I will trace the history of the white cube, to understand why it was formulated and what ideologies the space is constructed to embody. While there has been writing on the criticisms of the white cube and writing on sound in art, there is a gap in the knowledge which specifically explores the ideations and ideologies of the curational aesthetic through the lens of sound art’s rejection from the art gallery, especially one which discusses sound as representing a hauntological critique of the format.

 

 

I will discuss morphological attempts at navigating sound, comparing Schaeffer’s ideas of sound objects to Murray Schafer’s critique, Xenakis’ theory of granular synthesis and Michel Chion’s acoulogy. There are a lot of contrasting and contradictive ideas around navigating the field of sound, one of the tasks of this research will be collecting and comparing many of these ideas together, as this has not yet been done in writings on the matter. Notwithstanding, an understanding of the phenomena we call sound will help in exploring its disqualification from contemporary art, and in assisting its acceptance there may be needed to propose a new curational aesthetic which will positively affect visual art experience as well.
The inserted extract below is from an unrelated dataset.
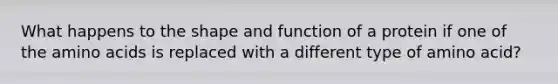 What happens to the shape and function of a protein if one of the amino acids is replaced with a different type of amino acid?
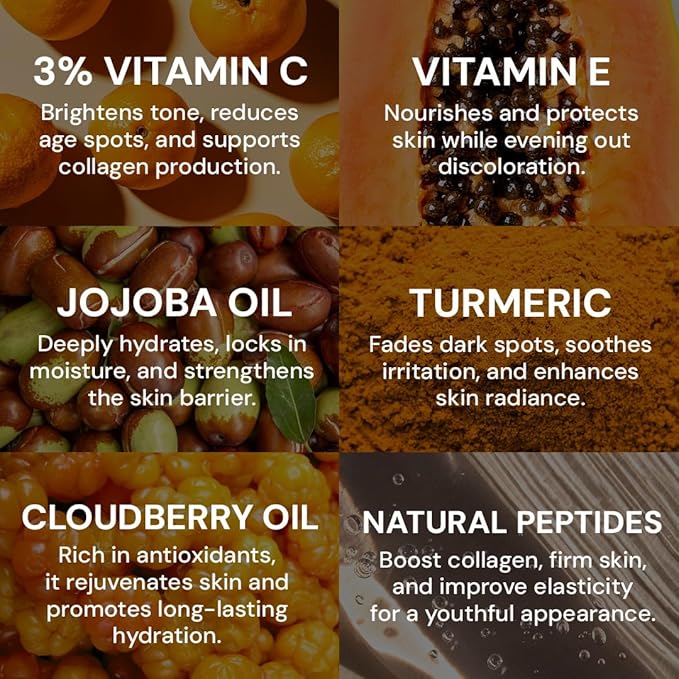 Gleamin Brightening Face Oil with Vitamin C, Vitamin E, Jojoba Oil, Cloudberry, Peptides & Turmeric – Hydrating, Skin Firming Oil for Dull Skin & Dark Spots | Fragrance-Free Facial Oil, 1 fl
I believe Derrida’s Hauntology, which proposes a non-linear model of time has a relevant and unexplored conversation with Xenakis’ non-linear model of sound. Xenakis’ model understands sound as the experience of energetic phenomena that surrounds us. Where sound is not a single object that is created from and can be isolated from its source, but our experience of sound is that we hear a lot of smaller sounds (or grains) which contributes to an association with its causational event. Therefore, in this model where sound is the experience of sensory information and not an objective article, ‘sound’s inherent relationality is demonstrated. In the words of John Cage ‘There is no such thing as silence.’: his conclusion after visiting Harvard’s anechoic chamber, where he expected to hear silence, he instead heard blood moving through his veins and the functioning of his nervous system. Wherever there are spectators, there is sound and therefore in a granular and hauntological way, the sounds that haunt the gallery space are those unavoidably summoned by those that fulfil its purpose. The gallery space is haunted by the sound of its own spectatorship.

 

This research will reflect sound’s relational dialogue with space, but I also hope to extend the discussion further into contemporary understandings of space. Examining sound and curation when compressed into cyberspace, unpacking theories of the post-digital, Walter Benjamin’s Aura and Berardi’s concept of ‘after the future’.

 

 

 
Methodology

 

For this project I will attempt reproducing a directional speaker system to explore the conversational potential of acousmatic audio, for engagement with audio works and better facilitating audio-visual practices. Parabolic speakers are a new technology and are not open to consumer purchase, however they can be made from the circuit board up.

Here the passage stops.